Thursday, September 9, 2010

Gen Y Innovators: Doing More with Less

This month, MIT's prestigious magazine, Technology Review, profiles its annual line-up of “35 Innovators Under 35”. The list reveals a kaleidoscope of nationalities. Entrepreneurial spirits as young as 24 working magic at America’s universities, national labs, corporations and start-ups. Their ambitions are audacious and their accomplishments dazzling. They’re re-programming cells to cure disease, engineering viruses to destroy bio-films, developing software to help communities in crisis, and powering electronics with human motions. And there's a strong philanthropic flair to their efforts.

The list is an inspiring reminder that the pool of next-generation scientists and technologists is deep and rich. And that America's global leadership profile continues to be defined by the quality of its ideas.

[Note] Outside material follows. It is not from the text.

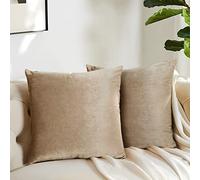 GIGIZAZA Decorative Throw Pillow Covers 18x18,Set of 2 Taupe Square Couch Pillow Covers,Velvet Sofa Boho Cushion Pillows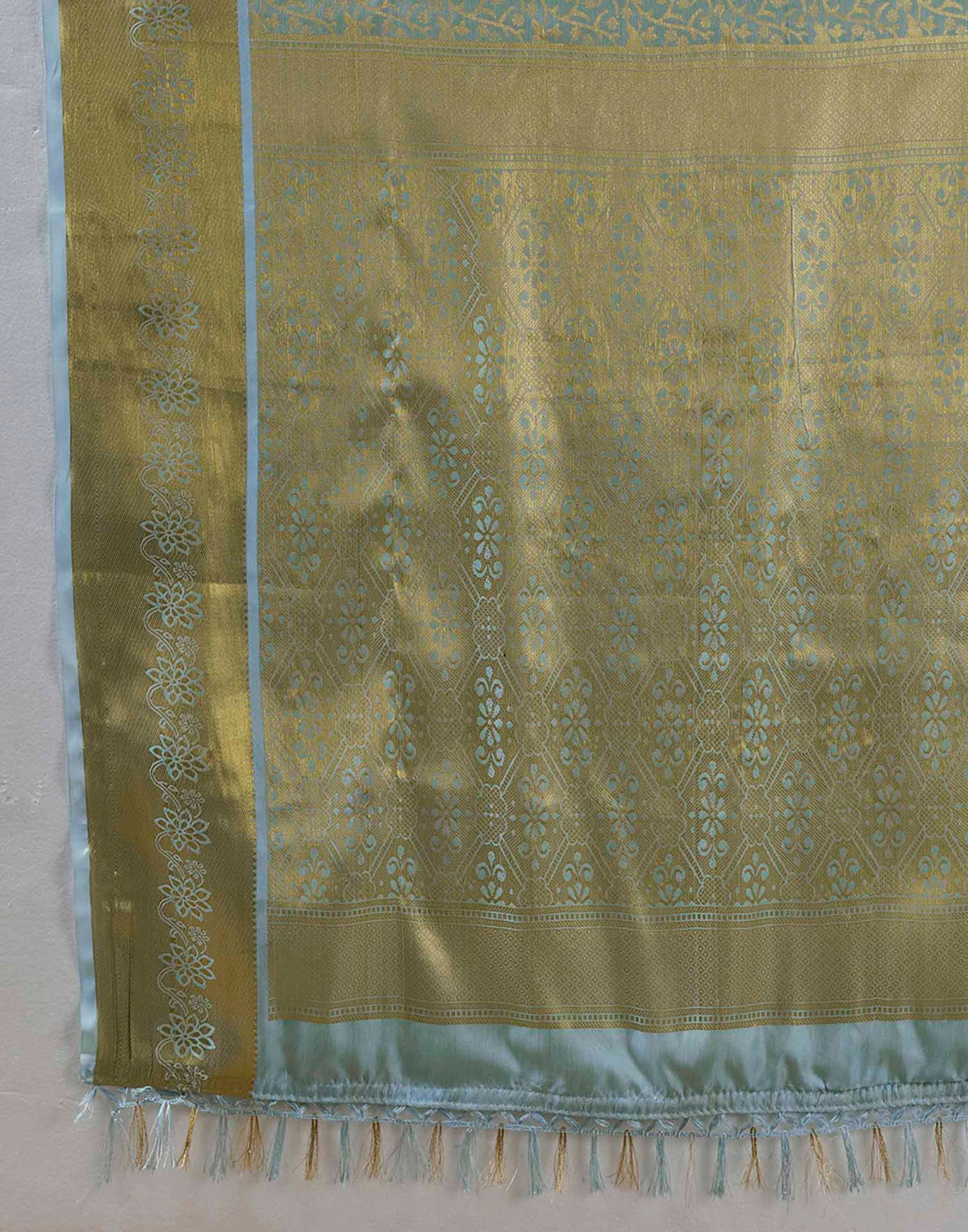 Sky Blue Silk Woven Kanjivaram Saree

Equally inspiring is that in spite of dismal capital markets, the pace of innovation hasn’t changed. Thin funding and razor-tight budgets, notwithstanding, these young entrepreneurs continue to transport clever ideas out of the lab and into commercialization. Which means that most are doing more with less. Probably much less than many veteran entrepreneurs. Other than the intrapreneurs at Google and Microsoft, few on this list will likely benefit from the type of gigantic funding rounds that saturated the tech sector not so long ago. The $100M+ payouts to Silicon Valley clean-tech companies must seem like an oddity to the young inventors – unless they’re being courted by Better Place.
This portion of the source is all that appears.